Regardless, the rise of “Daily Fantasy Sports,” as it is called, is causing some to scratch their heads and question whether or not this seemingly innocuous form of sports betting is truly gambling. After all, it is modeled after non-gambling fantasy sports leagues that friends and families have enjoyed together for years.

In reality, the sudden growth of FanDuel and DraftKings is not, as it seems, spontaneous and the result of an online game gone viral. Rather, it is the carefully crafted strategy of powerful gambling interests working to evade federal and state laws under the cloak of Daily Fantasy Sports. Like most other forms of high-stakes gambling, the practices of these operations are predatory, deceptive, and illegal, and they occur at the expense of everyday citizens. These games, in particular, are also heavily targeted at luring a whole new generation of young people into gambling and getting them hooked.

What’s Daily Fantasy Sports?

Season-long fantasy sports started as a hobby and a form of community. It is a social activity, where the trophy matters more than the money. In contrast, “Daily Fantasy Sports” is a fleecing operation, plainly incorporating the three elements of gambling: consideration, chance, and prize.

In season-long games, participants may exercise considerable skill in operating a team. They have to figure out who to draft, select who plays, make or reject trades, and analyze player and team statistics—all in hopes of having a successful season.

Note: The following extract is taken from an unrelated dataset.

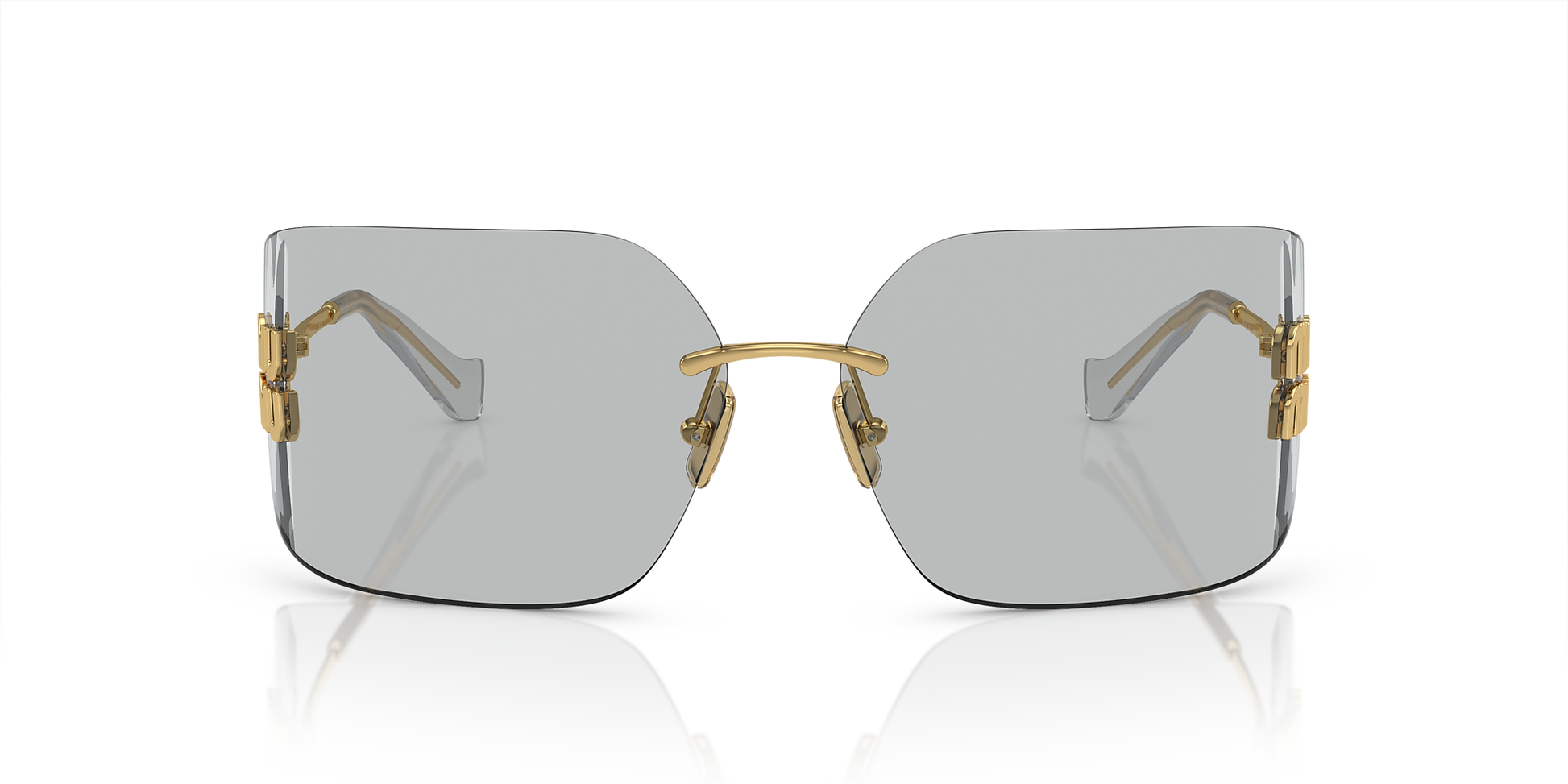 Miu Miu Runway Rectangle-Frame Sunglasses in Light Grey, back — The Quiet Edition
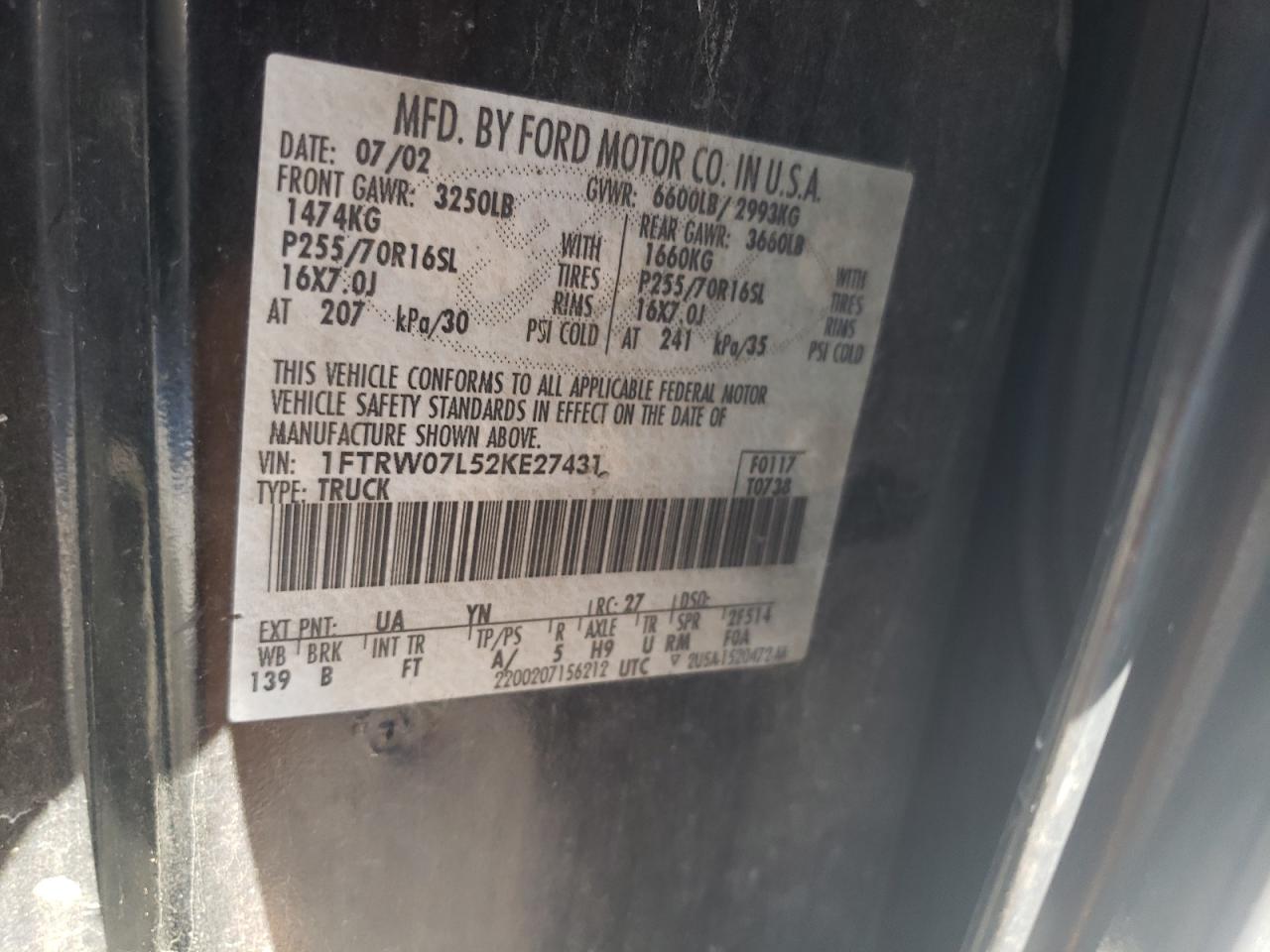 2002 Ford F-150 VIN 1FTRW07L52KE27431 Copart auction photo, all over damage thumbnail 12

Participants typically accumulate points based on the statistical accomplishments of the athletes they have selected to their teams through a draft. As originally conceived, these games were played between friends over the course of a sport’s regular season.

Internet gambling operators like FanDuel and DraftKings altered both the traditional structure and the business model. Daily Fantasy Sports contests restart constantly and typically are played against strangers. Contests don’t begin with a draft. Instead, contestants are given a “salary cap” with which to choose real players. Players’ “prices” correspond with their perceived ability. For example, it might cost $10,000 in “salary cap” money for star quarterback Tom Brady and $6,000 for a lesser quarterback like Matt Ryan. Winning wagers (“entries” in gambling parlance) are the ones with the best player statistical performances in that day’s games. Players’ stats are translated into fantasy points.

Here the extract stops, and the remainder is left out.